Tegen dit besluit hebben Darinout en [appellant sub 2] beroep ingesteld.

De raad heeft een verweerschrift ingediend.

Segesta Exploitatie B.V. heeft een schriftelijke uiteenzetting gegeven.

Darinout heeft nadere stukken ingediend.

De Afdeling heeft de zaak ter zitting behandeld op 3 mei 2024, waar Darinout, vertegenwoordigd door mr. R.J.G. Bäcker en mr. D.H.P. van Groen, advocaten te Amsterdam, [appellant sub 2], bijgestaan door mr. R.E. Jonen, advocaat te Amsterdam, en de raad, vertegenwoordigd door ir. J. Beelen, E.C. Moeke en S. Visser, zijn verschenen.

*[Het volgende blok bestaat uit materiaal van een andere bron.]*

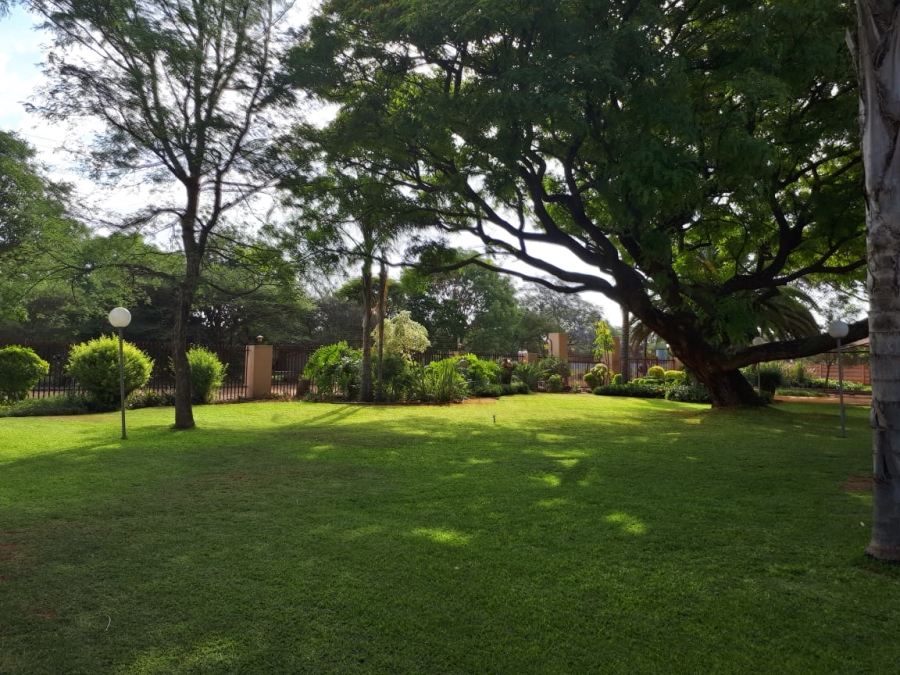 Commercial Property for Sale in Dalmada A H Limpopo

Voorts is ter zitting Segesta Exploitatie, vertegenwoordigd door [gemachtigden], bijgestaan door mr. M. Niermeijer, advocaat te Bussum, gehoord.

Overwegingen

Overgangsrecht inwerkingtreding Omgevingswet

1. Op 1 januari 2024 zijn de Omgevingswet en de Invoeringswet Omgevingswet in werking getreden. Op grond van artikel 4.6, derde lid, van de Invoeringswet Omgevingswet blijft op een beroep tegen een besluit tot vaststelling van een bestemmingsplan waarvan het ontwerp vóór het tijdstip van inwerkingtreding van de Omgevingswet ter inzage is gelegd het recht zoals dat gold onmiddellijk vóór dat tijdstip van toepassing tot het bestemmingsplan onherroepelijk is.

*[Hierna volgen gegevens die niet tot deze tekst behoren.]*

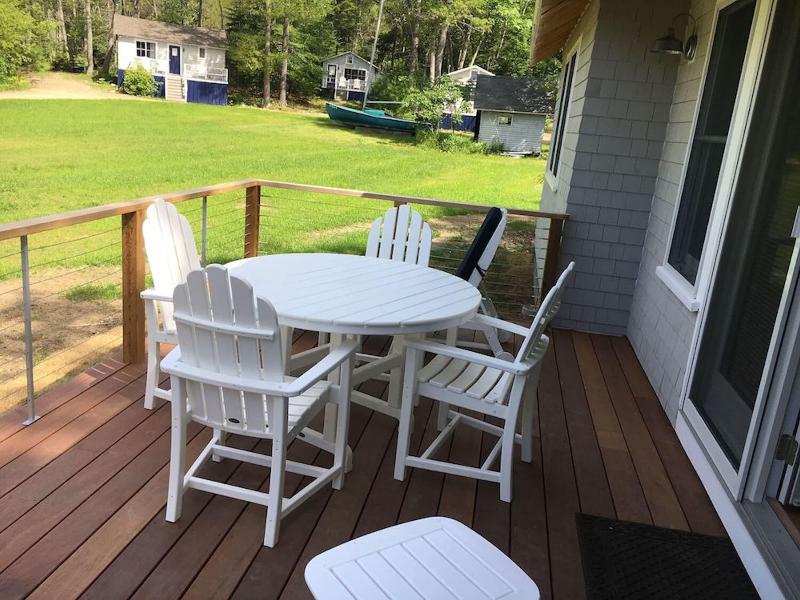 Linekin Bay Resort image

Het ontwerpplan is op 10 juni 2022 ter inzage gelegd. Dat betekent dat op deze beroepsprocedure het recht, waaronder de Wet ruimtelijke ordening en de Crisis- en herstelwet, zoals dat gold vóór 1 januari 2024 van toepassing blijft.

Inleiding

2. Het plan maakt een multifunctioneel gebouw mogelijk op het Dik Tromplein in het centrum van Hoofddorp. Dit gebouw heeft een maximale toegestane bouwhoogte van 25 m en hierin worden 136 appartementen, 4.000 m2 commerciële ruimte en 296 bebouwde parkeerplaatsen gerealiseerd. In het plangebied stond een gebouw met drie bouwlagen en ongeveer 5.800 m2 commerciële ruimte en het gebouw "De Deining", dat 2.500 m2 aan kantoorruimten bood. Deze gebouwen zijn inmiddels gesloopt.

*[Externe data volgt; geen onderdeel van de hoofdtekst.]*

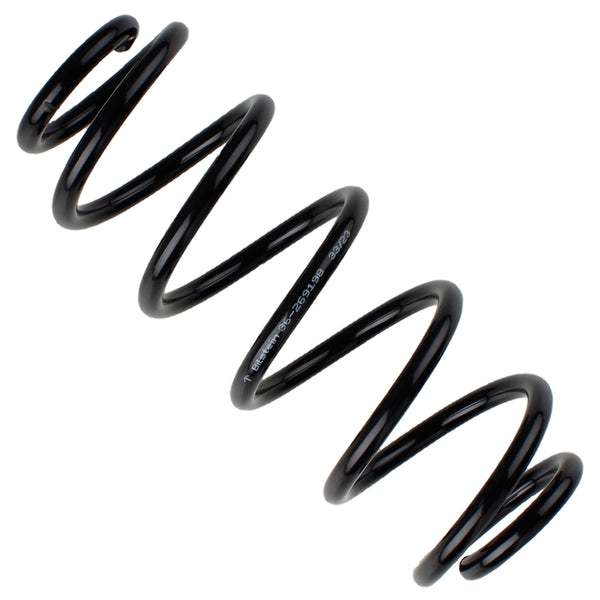 Bilstein B3 OE Replacement Coil Spring — Front, for select Audi vehicles (36-269198)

[appellant sub 2] exploiteert een horecagelegenheid met terras aan het Dik Tromplein ten noordoosten van het plangebied. Hij kan zich niet verenigen met het plan, omdat hij vreest dat het plan de bezonning van het terras aantast met inkomstenverlies als gevolg. Segesta Exploitatie is de initiatiefnemer van het plan, maar ook eigenaar van het pand waar [appellant sub 2]s horecagelegenheid is gevestigd. Zij heeft de huurovereenkomst met [appellant sub 2] opgezegd per 30 april 2026. [appellant sub 2] geeft aan zich onder druk gezet te voelen door Segesta Exploitatie bij de onderhandelingen over het terras bij zijn horecagelegenheid en de realisatie van het multifunctionele gebouw.

Darinout is eigenaresse van een pand waarin een supermarkt is gevestigd op 250 m van het plangebied. Zij kan zich niet met het plan verenigen, omdat er volgens haar geen behoefte is aan meer commerciële ruimte. Zij vreest dat het plan leidt tot leegstand in het centrum van Hoofddorp.

Belang bij beoordeling beroepen?

3. Segesta Exploitatie betoogt dat [appellant sub 2] en Darinout geen belang meer hebben bij de beoordeling van hun beroepen, omdat er inmiddels een onherroepelijke omgevingsvergunning is verleend voor de realisatie van het multifunctionele gebouw "Trom".

3.1. Zoals de Afdeling eerder heeft overwogen, bijvoorbeeld in haar uitspraak van 7 februari 2024, ECLI:NL:RVS:2024:484, onder 5.1, brengt de omstandigheid dat een omgevingsvergunning in rechte onaantastbaar is geworden niet met zich mee dat niet langer belang bestaat bij een uitspraak, nu een bestemmingsplan zich leent voor herhaalde toepassing. Gelet hierop ziet de Afdeling geen aanleiding om de beroepen van [appellant sub 2] en Darinout niet-ontvankelijk te verklaren vanwege het ontbreken van belang bij beoordeling van hun beroepen.

Toetsingskader

4. Bij de vaststelling van een bestemmingsplan moet de raad bestemmingen aanwijzen en regels geven die de raad uit het oogpunt van een goede ruimtelijke ordening nodig acht. De raad heeft daarbij beleidsruimte en moet de betrokken belangen afwegen. De Afdeling oordeelt niet zelf of het plan in overeenstemming is met een goede ruimtelijke ordening. De Afdeling beoordeelt aan de hand van de beroepsgronden of het besluit tot vaststelling van het bestemmingsplan in overeenstemming is met het recht. Daarbij kan aan de orde komen of de nadelige gevolgen van het plan onevenredig zijn in verhouding tot de met het plan te dienen doelen.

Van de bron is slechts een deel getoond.